Specifications (barrel)
- Mass: 3.00 lb (1.36 kg)
- Length: 12.25 in (31.1 cm)
- Barrel length: 9.50 in (24.1 cm)
- Cartridge: 8.5mm Mars; 9mm Mars; .45 Mars Short Case; .45 Mars Long Case;
- Action: long recoil, rotating bolt
- Muzzle velocity: 1,750 ft/s (530 m/s) for 8.5mm Mars; 1,250 ft/s (380 m/s) for .45 Mars Long;
- Feed system: Around 8 to 10 rounds detachable magazine
- Sights: Iron

= Mars Automatic Pistol =

Semi-automatic pistol

The Mars Automatic Pistol, also sometimes known as the Webley-Mars or Gabbet-Fairfax Mars, was a semi-automatic pistol developed in 1900 by the Englishman Hugh Gabbet-Fairfax and distributed by the Mars Automatic Pistol Syndicate Ltd. of Birmingham. It was manufactured first by Webley & Scott and later by small gunmakers in Birmingham and London. Manufacture ceased in 1907.

The Mars Automatic Pistol is noted for being available in a variety of calibers: 8.5 mm, 9 mm and .45. These were all bottleneck cartridges with a large charge of powder, making the .45 version the most powerful handgun in the world for a time. It used a unique long recoil rotating bolt action which ejected spent cartridges straight to the rear, and the feed mechanism is unusual in that it pulls cartridges backwards out of the magazine and then lifts them up into the breech face.

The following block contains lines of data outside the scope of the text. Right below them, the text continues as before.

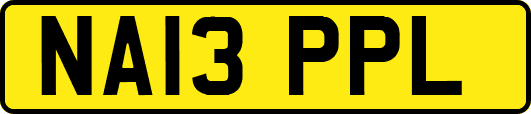NA13PPL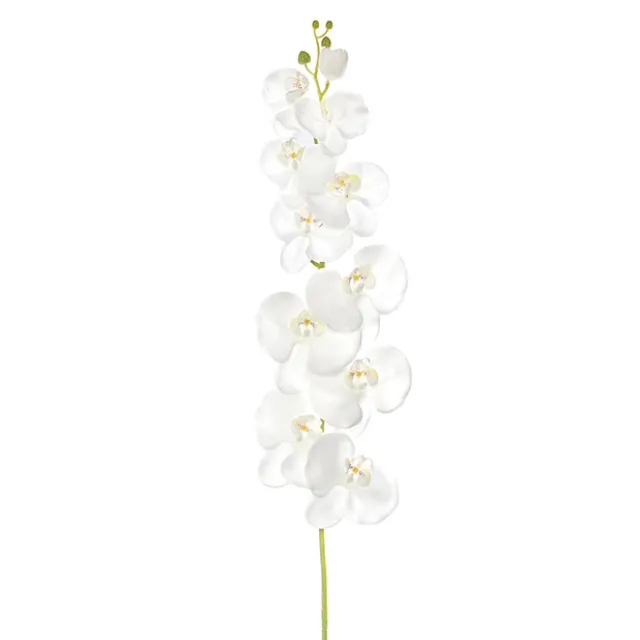 Phalaenopsis Orchid Real Touch 11 flowers White (126cmH)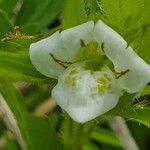 Asystasia mysorensis Flor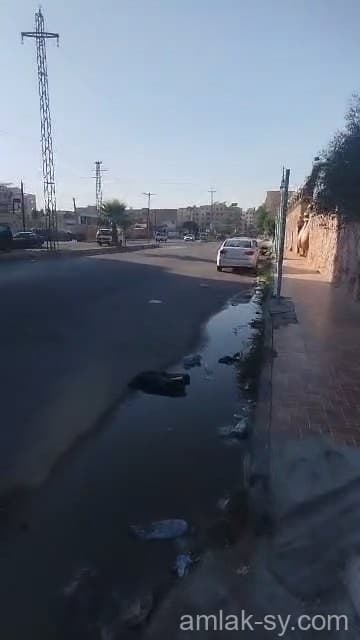 صورة 3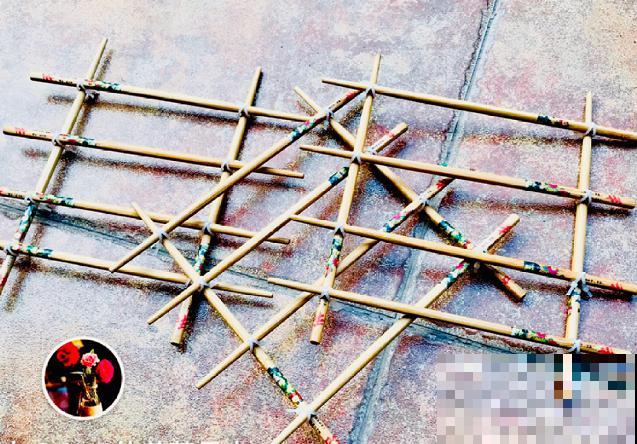 花盆里插根筷子，解决养花大难题，花越长越精神！
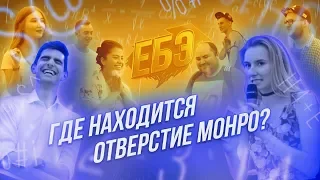 ЕБЭ: ГДЕ НАХОДИТСЯ ОТВЕРСТИЕ МОНРО?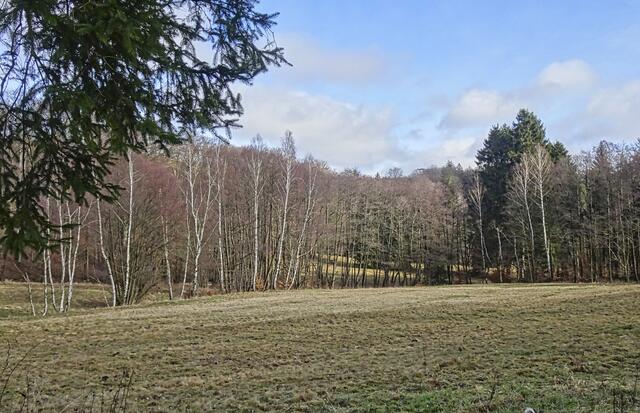im Krebsbachtal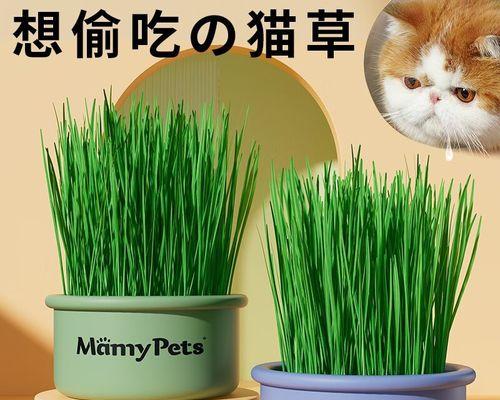 猫草有哪些品种？哪种猫草品种最适合猫咪食用？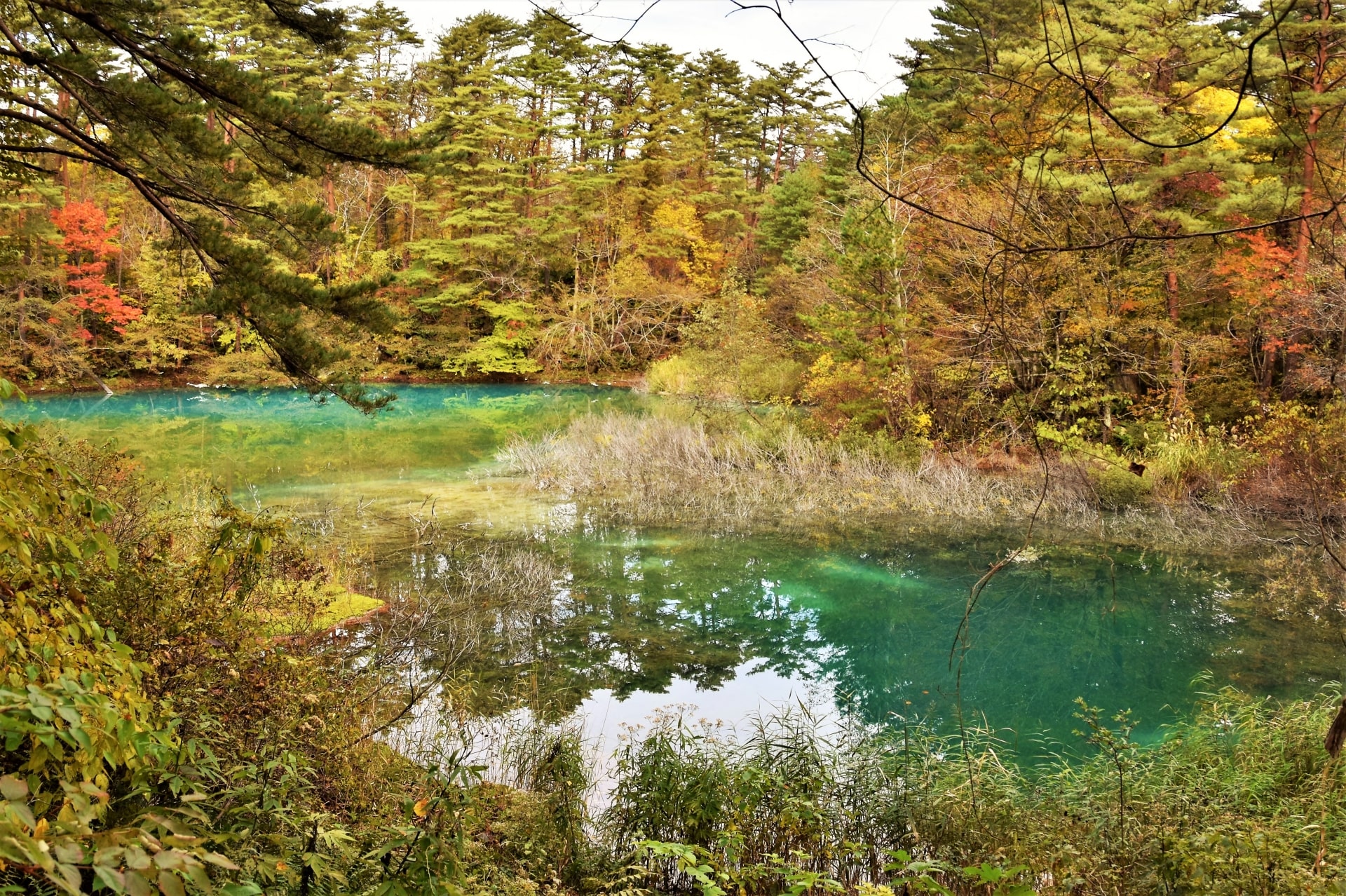 Autumn at Bandai Asahi National Park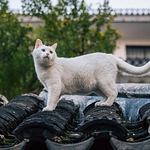 Kiki的头像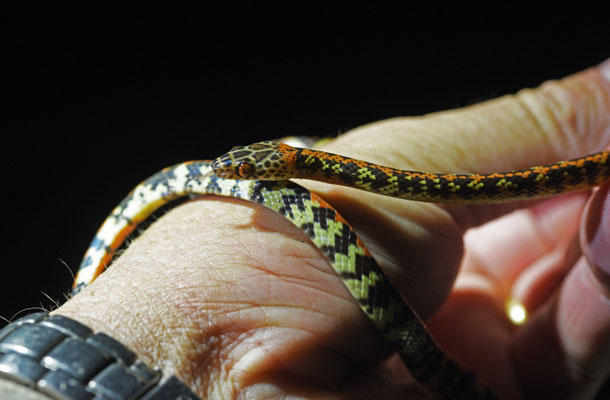 Siphlophis cervinus - Gevlekte Roodrugliaanslang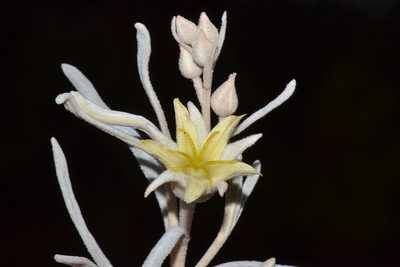 Ricinocarpos velutinus, photographed by T. Hammer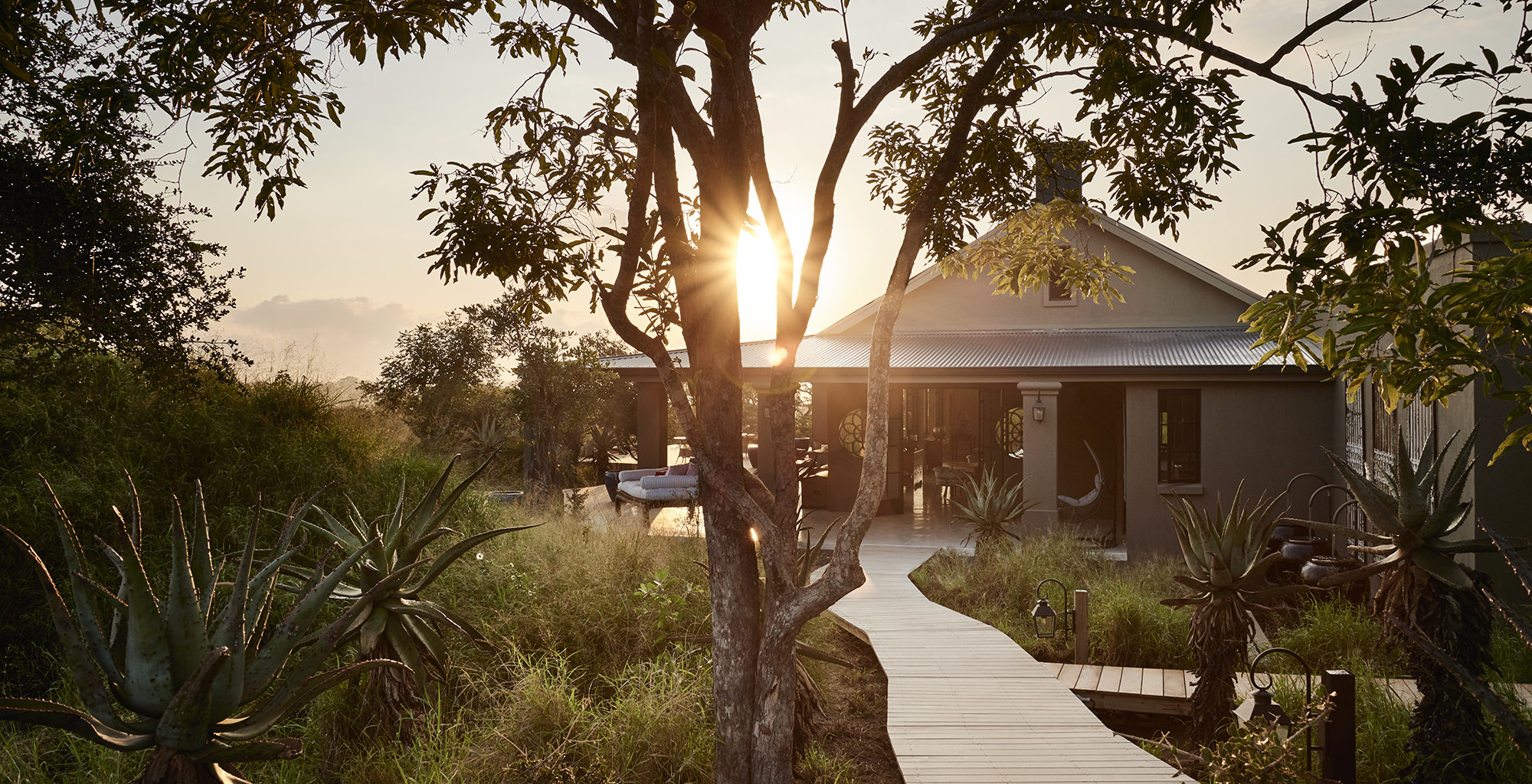 Royal Malewane Thornybush Game Reserve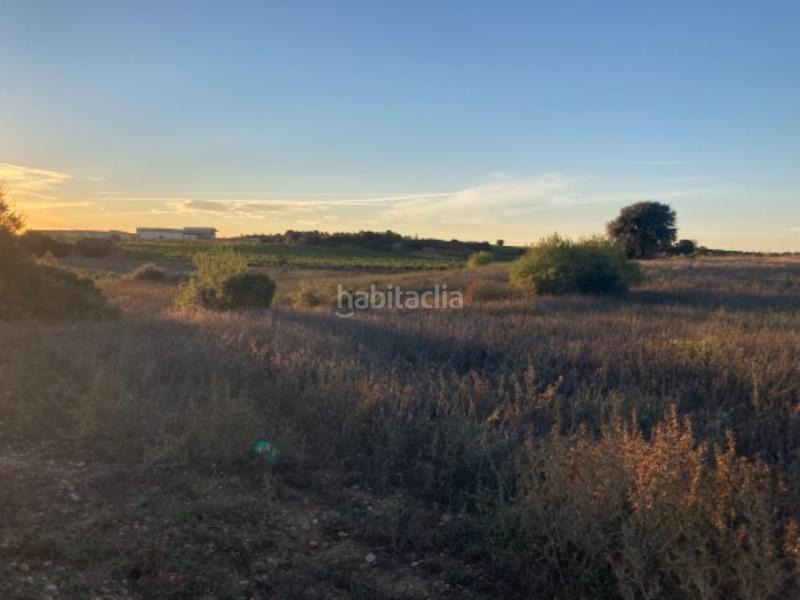 Foto 362e0ee5-8257-43ef-8907-925aa25a69fe. Propriété dans pozo arangu s/n dans Caudete de las Fuentes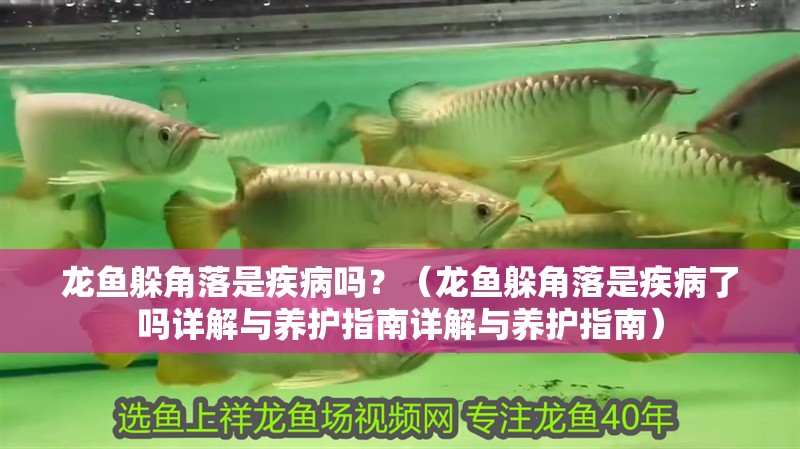 龍魚躲角落是疾病嗎？（龍魚躲角落是疾病了嗎詳解與養護指南詳解與養護指南）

The Mars Automatic Pistol was rejected by the British War Office as a possible replacement for the Webley & Scott revolvers, then in service with the British Army, because of the unacceptably powerful recoil, considerable muzzle flash, and mechanical complexity. The captain in charge of tests of the Mars at the Naval Gunnery School in 1902 observed, "No one who fired once with the pistol wished to shoot it again". Shooting the Mars pistol was described as "singularly unpleasant and alarming". It has since become a collector's item because of its rarity and as an example of the earliest developments in semi-automatic pistols.

==Notes==
- filed on October 15, 1900
- Only around 80 pistols were made between 1897 and 1905. (Standard Catalog of Firearms)
- An example of the Mars can be seen at the Royal Armouries Museum in Leeds. Two are in the collection of the WTS museum in Koblenz, Germany
- A near-perfect Gabbet-Fairfax Mars sold at auction in 2002 for $35,250.
- On December 16, 1996, the Mars was cited as an example of a heritage arm during a debate in the House of Lords on gun control following Dunblane.